26. Brenner BM, Cooper ME, de Zeeuw D, et al. Effects of losartan on renal and cardiovascular outcomes in patients with type 2 diabetes and nephropathy. N Engl J Med. 2001;345(12):861‐869. [PubMed] [Google Scholar]

27. Brown E, Heerspink HJL, Cuthbertson DJ, Wilding JPH. SGLT2 inhibitors and GLP-1 receptor agonists: established and emerging indications. Lancet. 2021;398(10296):262‐276. [PubMed] [Google Scholar]

28. Zhang L, Long J, Jiang W, et al. Trends in chronic kidney disease in China. New Engl J Med. 2016;375(9):905‐906. [PubMed] [Google Scholar]

29. Chatterjee N, Shi J, García-Closas M. Developing and evaluating polygenic risk prediction models for stratified disease prevention. Nat Rev Genet. 2016;17(7):392‐406. [PMC free article] [PubMed] [Google Scholar]

30. Mavaddat N, Pharoah PD, Michailidou K, et al. Prediction of breast cancer risk based on profiling with common genetic variants. J Natl Cancer Inst. 2015;107(5):djv036. [PMC free article] [PubMed] [Google Scholar]

31. Khera AV, Chaffin M, Aragam KG, et al. Genome-wide polygenic scores for common diseases identify individuals with risk equivalent to monogenic mutations. Nat Genet. 2018;50(9):1219‐1224. [PMC free article] [PubMed] [Google Scholar]

32. Lang F, Rehwald W. Potassium channels in renal epithelial transport regulation. Physiol Rev. 1992;72(1):1‐32. [PubMed] [Google Scholar]

33. Yasuda K, Miyake K, Horikawa Y, et al. Variants in KCNQ1 are associated with susceptibility to type 2 diabetes mellitus. Nat Genet. 2008;40(9):1092‐1097. [PubMed] [Google Scholar]

34. Ohshige T, Tanaka Y, Araki S, et al. A single nucleotide polymorphism in KCNQ1 is associated with susceptibility to diabetic nephropathy in Japanese subjects with type 2 diabetes.
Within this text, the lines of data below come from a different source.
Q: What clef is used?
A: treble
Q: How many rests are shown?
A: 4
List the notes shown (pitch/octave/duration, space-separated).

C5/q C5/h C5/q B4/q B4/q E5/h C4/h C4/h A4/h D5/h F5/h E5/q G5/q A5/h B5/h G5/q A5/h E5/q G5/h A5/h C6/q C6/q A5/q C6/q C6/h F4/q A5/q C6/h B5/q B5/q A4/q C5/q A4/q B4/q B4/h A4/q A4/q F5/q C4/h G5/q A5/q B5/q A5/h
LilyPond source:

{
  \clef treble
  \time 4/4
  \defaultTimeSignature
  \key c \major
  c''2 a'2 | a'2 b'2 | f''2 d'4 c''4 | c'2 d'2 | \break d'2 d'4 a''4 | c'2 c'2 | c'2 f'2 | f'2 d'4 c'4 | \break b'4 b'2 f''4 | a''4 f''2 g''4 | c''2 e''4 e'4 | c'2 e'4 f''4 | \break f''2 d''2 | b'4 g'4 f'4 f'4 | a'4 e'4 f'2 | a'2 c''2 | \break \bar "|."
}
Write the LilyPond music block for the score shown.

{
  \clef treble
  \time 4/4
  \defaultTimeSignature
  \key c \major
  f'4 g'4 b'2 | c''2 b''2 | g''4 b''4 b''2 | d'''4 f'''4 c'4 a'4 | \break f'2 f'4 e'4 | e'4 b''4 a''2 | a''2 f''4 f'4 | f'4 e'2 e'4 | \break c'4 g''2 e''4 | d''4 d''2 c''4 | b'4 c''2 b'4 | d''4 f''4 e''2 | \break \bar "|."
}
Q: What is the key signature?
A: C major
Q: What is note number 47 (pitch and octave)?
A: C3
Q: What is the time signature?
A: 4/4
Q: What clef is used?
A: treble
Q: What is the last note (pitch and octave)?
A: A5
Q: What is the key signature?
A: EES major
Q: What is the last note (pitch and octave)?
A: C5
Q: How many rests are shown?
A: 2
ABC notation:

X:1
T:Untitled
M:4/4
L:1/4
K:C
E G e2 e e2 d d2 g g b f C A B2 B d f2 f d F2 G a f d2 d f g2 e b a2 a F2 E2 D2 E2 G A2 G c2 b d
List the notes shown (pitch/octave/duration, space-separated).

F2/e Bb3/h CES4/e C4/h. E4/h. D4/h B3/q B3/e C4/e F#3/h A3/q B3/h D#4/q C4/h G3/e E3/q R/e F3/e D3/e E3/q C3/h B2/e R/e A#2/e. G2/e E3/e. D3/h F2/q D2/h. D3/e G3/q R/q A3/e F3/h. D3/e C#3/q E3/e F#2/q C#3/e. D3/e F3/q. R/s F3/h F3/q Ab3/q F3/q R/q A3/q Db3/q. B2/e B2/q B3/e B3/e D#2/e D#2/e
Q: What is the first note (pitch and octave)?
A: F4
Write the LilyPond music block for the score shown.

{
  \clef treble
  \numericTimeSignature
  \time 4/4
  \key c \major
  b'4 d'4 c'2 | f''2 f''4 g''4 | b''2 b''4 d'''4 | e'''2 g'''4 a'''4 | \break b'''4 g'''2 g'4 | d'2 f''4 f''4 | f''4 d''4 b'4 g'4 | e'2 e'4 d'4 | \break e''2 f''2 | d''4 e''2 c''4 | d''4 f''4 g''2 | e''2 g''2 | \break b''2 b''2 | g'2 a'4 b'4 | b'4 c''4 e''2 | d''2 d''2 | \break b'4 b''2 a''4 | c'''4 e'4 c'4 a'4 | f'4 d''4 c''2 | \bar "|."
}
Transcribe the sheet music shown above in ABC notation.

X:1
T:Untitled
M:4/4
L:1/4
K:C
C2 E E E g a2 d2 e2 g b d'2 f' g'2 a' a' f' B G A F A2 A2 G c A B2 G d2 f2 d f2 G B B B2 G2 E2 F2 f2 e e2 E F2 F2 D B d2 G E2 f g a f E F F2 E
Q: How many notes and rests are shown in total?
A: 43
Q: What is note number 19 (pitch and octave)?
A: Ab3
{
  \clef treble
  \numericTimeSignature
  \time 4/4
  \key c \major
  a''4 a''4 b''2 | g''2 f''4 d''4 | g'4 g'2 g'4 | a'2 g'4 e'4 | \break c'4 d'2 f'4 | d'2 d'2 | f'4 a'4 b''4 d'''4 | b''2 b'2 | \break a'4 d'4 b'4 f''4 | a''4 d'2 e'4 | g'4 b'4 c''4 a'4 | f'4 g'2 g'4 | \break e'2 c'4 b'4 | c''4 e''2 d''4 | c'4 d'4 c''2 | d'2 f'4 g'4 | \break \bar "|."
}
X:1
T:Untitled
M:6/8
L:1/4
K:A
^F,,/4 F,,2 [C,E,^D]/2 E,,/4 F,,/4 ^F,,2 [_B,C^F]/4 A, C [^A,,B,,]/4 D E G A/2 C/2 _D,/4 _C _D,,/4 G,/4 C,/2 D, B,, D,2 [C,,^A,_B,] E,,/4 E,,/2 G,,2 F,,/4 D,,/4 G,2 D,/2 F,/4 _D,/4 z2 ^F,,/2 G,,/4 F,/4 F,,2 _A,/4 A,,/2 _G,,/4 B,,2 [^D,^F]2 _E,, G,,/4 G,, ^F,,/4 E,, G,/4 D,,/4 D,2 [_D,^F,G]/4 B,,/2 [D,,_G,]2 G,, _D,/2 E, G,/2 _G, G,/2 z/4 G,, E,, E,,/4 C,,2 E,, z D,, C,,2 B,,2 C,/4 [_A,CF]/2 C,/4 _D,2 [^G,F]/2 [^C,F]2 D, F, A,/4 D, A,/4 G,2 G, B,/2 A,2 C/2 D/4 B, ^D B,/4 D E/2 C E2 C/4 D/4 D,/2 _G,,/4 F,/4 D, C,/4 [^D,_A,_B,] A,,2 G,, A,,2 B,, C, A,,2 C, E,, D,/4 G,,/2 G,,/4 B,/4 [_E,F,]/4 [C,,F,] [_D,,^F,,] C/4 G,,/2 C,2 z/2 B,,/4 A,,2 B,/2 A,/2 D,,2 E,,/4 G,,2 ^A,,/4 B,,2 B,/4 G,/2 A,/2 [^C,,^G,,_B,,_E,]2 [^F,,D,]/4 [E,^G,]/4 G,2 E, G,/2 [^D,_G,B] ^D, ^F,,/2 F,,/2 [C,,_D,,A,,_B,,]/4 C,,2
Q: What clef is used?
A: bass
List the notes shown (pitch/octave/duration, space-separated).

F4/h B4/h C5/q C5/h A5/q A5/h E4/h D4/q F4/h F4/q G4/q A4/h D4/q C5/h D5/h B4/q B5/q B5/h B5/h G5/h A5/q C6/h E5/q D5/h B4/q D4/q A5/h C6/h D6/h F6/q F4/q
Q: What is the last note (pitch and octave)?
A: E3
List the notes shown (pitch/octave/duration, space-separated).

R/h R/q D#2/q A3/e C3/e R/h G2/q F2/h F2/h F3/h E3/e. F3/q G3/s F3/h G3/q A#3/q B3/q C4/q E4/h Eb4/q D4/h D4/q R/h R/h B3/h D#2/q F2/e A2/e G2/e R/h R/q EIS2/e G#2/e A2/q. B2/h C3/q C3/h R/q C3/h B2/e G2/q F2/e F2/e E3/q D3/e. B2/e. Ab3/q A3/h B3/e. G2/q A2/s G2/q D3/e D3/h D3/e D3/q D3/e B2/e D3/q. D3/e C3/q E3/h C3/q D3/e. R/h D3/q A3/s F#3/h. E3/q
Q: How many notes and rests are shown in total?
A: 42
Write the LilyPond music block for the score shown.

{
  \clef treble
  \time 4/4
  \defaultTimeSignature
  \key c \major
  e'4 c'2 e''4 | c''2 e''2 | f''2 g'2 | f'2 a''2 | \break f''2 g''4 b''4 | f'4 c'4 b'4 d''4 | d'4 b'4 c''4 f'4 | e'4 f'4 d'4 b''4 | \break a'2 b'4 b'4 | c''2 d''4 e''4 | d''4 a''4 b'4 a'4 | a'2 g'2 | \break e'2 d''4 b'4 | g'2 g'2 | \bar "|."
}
Diabetes Care. 2010;33(4):842‐846. [PMC free article] [PubMed] [Google Scholar]

35. Lim XL, Nurbaya S, Salim A, et al. KCNQ1 SNPS and susceptibility to diabetic nephropathy in East Asians with type 2 diabetes. Diabetologia. 2012;55(9):2402‐2406. [PubMed] [Google Scholar]

Articles from The Journal of Clinical Endocrinology and Metabolism are provided here courtesy of The Endocrine Society

Genetic Risk Scores Identify People at High Risk of Developing Diabetic Kidney Disease: A Systematic Review (2024)

References

Top Articles
Latest Posts
Article information

Author: Cheryll Lueilwitz

Last Updated:

Views: 6768

Rating: 4.3 / 5 (74 voted)

Reviews: 89% of readers found this page helpful

Author information

Name: Cheryll Lueilwitz

Birthday: 1997-12-23

Address: 4653 O'Kon Hill, Lake Juanstad, AR 65469

Phone: +494124489301

Job: Marketing Representative

Hobby: Reading, Ice skating, Foraging, BASE jumping, Hiking, Skateboarding, Kayaking

Introduction: My name is Cheryll Lueilwitz, I am a sparkling, clean, super, lucky, joyous, outstanding, lucky person who loves writing and wants to share my knowledge and understanding with you.